Unfortunately, the search for a purer genetic code for the dinosaurs and the existence of cosmetic alterations makes me even more disappointed that the dinosaurs retain such an outdated appearance. I recognize that an established franchise doesn’t want to remake its dinosaurs, especially where there is still speculation about appearance, but its Velociraptor and Dilophosaurus, for instance, have always been inaccurate, and Jurassic World made explicit Dr. Wu’s contentions from the first book that none of the animals in Jurassic Park were accurate. Where a game specifically provides for “improving” the genetic code of the animals, why couldn’t we get to the point that a Velociraptor is small and feathered? Or that the Dilophosaurus is larger and frill-less?
The worst part for me was the inclusion of Deinonychus, yet another dromaeosaur, and instead of feathering it, giving it a couple of leathery ridges along head and tail! The game’s database entry for Deinonychus even references its link to research that would ultimately connect birds with dinosaurs.
But more generally, why not allow for dinosaurs with slightly updated appearances to better reflect current paleontological ideas? These dinosaurs could be unlocks at 100% genome completion, and there’d be no requirement that anyone produce these more accurate dinosaurs over their historic depictions. We could even have this decrease a dinosaur’s rating, with guests expecting to see the massive and leathery Velociraptor, for instance.

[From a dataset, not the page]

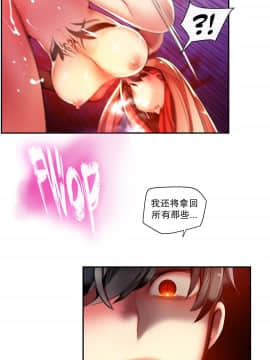 [Juder] Lilith`s Cord | 莉莉丝的脐带 Ch.1-60.5(END)_0635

Not that this complaint stopped me from enjoying the hell out of the game. It’s one of the few games I’ve ever completed 100%, with all unlocks and all missions completed and ratings maxed and every achievement reached. It’s also probably the biggest game that I’ve ever done this with.
Sadly, I’m probably at the point where I’m done with the game, at least for now. I might hop in occasionally to snap some dinosaur pictures or to review the surprisingly vast database of Jurassic Park lore contained within. If there’s new content out, I expect to be back for that. But there’s nothing compelling me to just manage a fully established chain of parks. It’s mundane, the challenge is removed, and now it’s just a matter of deploying the appropriate team to fulfill the appropriate task. There’s nothing to keep me going, and there’s no reason to replay.
Still, this was a game that was worth its cost. I had a lot of fun and will have some good memories. If you love Jurassic Park and can at least tolerate management simulator games, I would highly recommend this title.